French Music, ca. 1917

Agnes Pelton

Oil on canvas
14 18 × 17 58 inches

Original frame by Robert Laurent (signed on verso)

Provenance

Private collection, San Francisco

According to Agnes Pelton’s notes, published by Michael Zakian, French Music, was inspired by a symphony.  Music had been a seminal influence throughout Pelton’s life.  Her mother, Florence T. Pelton, was an amateur pianist and artist who encouraged Agnes to study art and music, during her childhood in Europe.

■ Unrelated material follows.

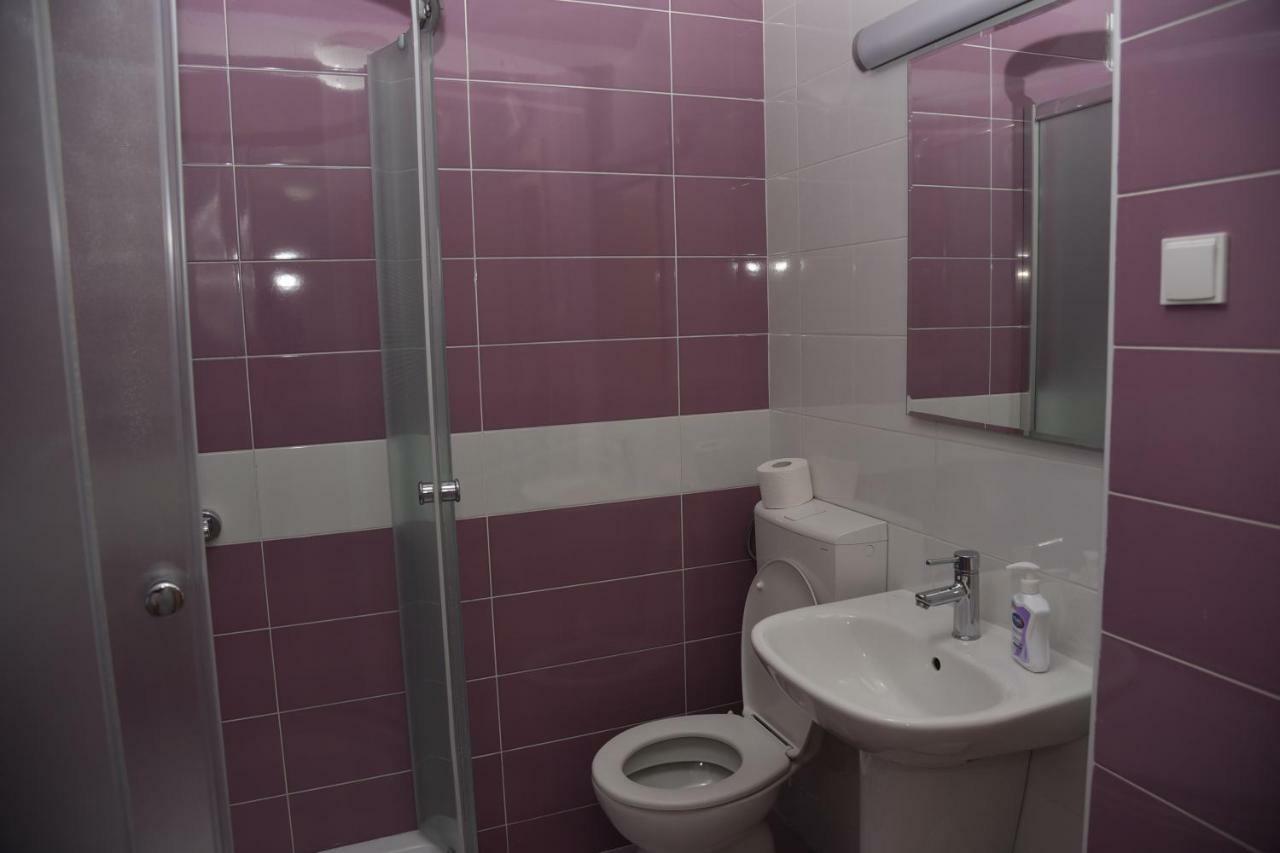 Boda Apartments سكوبجي المظهر الخارجي الصورة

Later, after Agnes’s father died prematurely, Florence opened a music school in Brooklyn.  Agnes continued to study there and acted as her mother’s assistant.

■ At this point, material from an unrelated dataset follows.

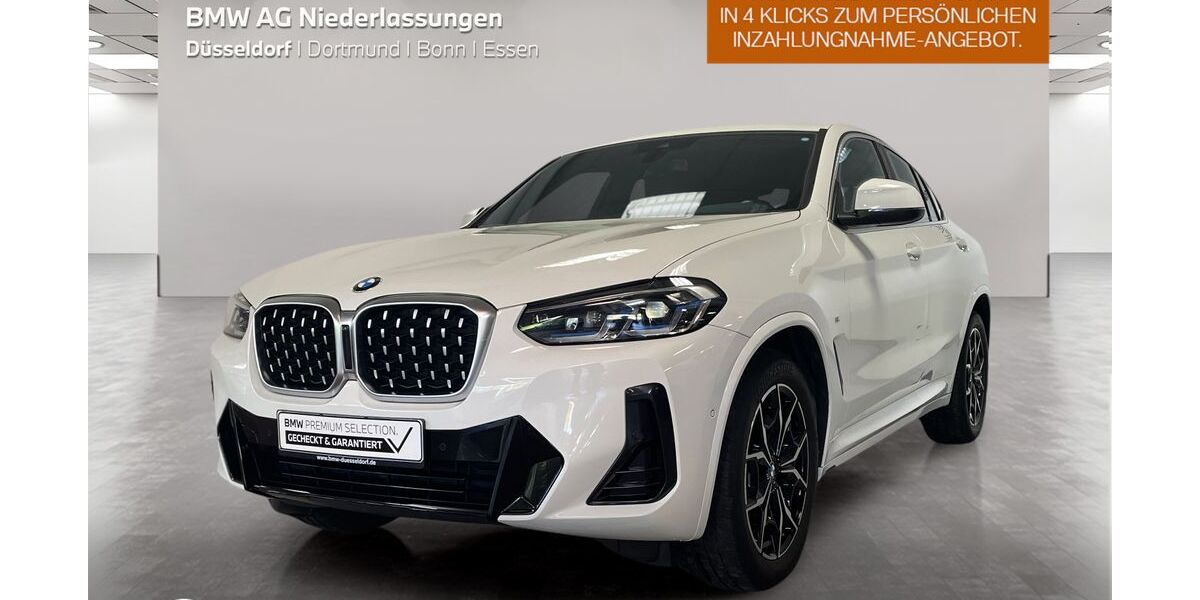 BMW X4 64.664 km 40.999 &euro; Düsseldorf 40237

At the time French Music was painted, Pelton was exploring representations of music and the points of confluence between sound and image.  She was not alone in her exploration – artists ranging from James McNeil Whistler to Wassily Kandinsky had been similarly engaged.  While some artists searched for the psychological equivalent between a certain note and color, Pelton was primarily interested in revealing and representing the parallels between the patterns found in musical compositions and the forces that create form and meaning in the world.

French Music is an unusual and mysterious picture.  A group of figures, each painted in an unusual palette of greens, reds, purples and pinks, seem to be dancing vigorously or performing some kind of rite or ceremony.  Draperies swirl around the central figures and the figure on the left.  In a vision of physical release, the light pink figure throws her head back, revealing her stretched neck, and spreads her arms wide as her veils envelop her body and billow behind her.  A few quick brushstrokes above her head imply the reverberations of sound.  So too, are the vibrating vertical lines, which represent music.

The scene could also be read as a drama transpiring on a stage, which the viewer observes from the sidelines.  The musical lines could represent ropes in the wings as the blue figure on the right pulls back the curtain. Theatrical and enigmatic above all, the sensuality and rhythmic pulses across the canvas are reminiscent of the work of the Symbolist, American painter Arthur B. Davies, who was an important influence on Pelton’s style, choice of subject, and romantic inclinations.

 

Note: French Music is in a frame made by Robert Laurent, an important modernist American sculptor and one of the leaders of the direct-carving movement.  Pelton and Laurent knew each other from summers they spent together in Ogunquit, Maine at the art school created by their mutual mentor, Hamilton Easter Field (1911-1914).  Laurent signed the frame on the back.  As with other examples, Pelton chose to use a frame from her friend for French Music.

Exhibited

  • Palm Springs, California, Palm Springs Desert Museum, Agnes Pelton: Poet of Nature, February 28, 1995 – October 6, 1996, no. 7, illus. Traveled to: Montclair, New Jersey, The Montclair Art Museum, July 8 – October 15, 1995; Southampton, New York, The Parrish Art Museum, December 3, 1995 – January 14, 1996; Logan, Utah, Nora Eccles Harrison Museum of Art, February 3 – April 6, 1996; Malibu, California, Frederick R. Weisman Museum of Art, May 4 – July 7, 1996; Oakland, California, The Oakland Museum, August 3 – October 6, 1996

Literature

  • Michael Zakian, Agnes Pelton: Poet of Nature, exh. cat., Palm Springs Desert Museum, Palm Springs, California, 1995, pp. 30, repr. (color), 31, 50, 125.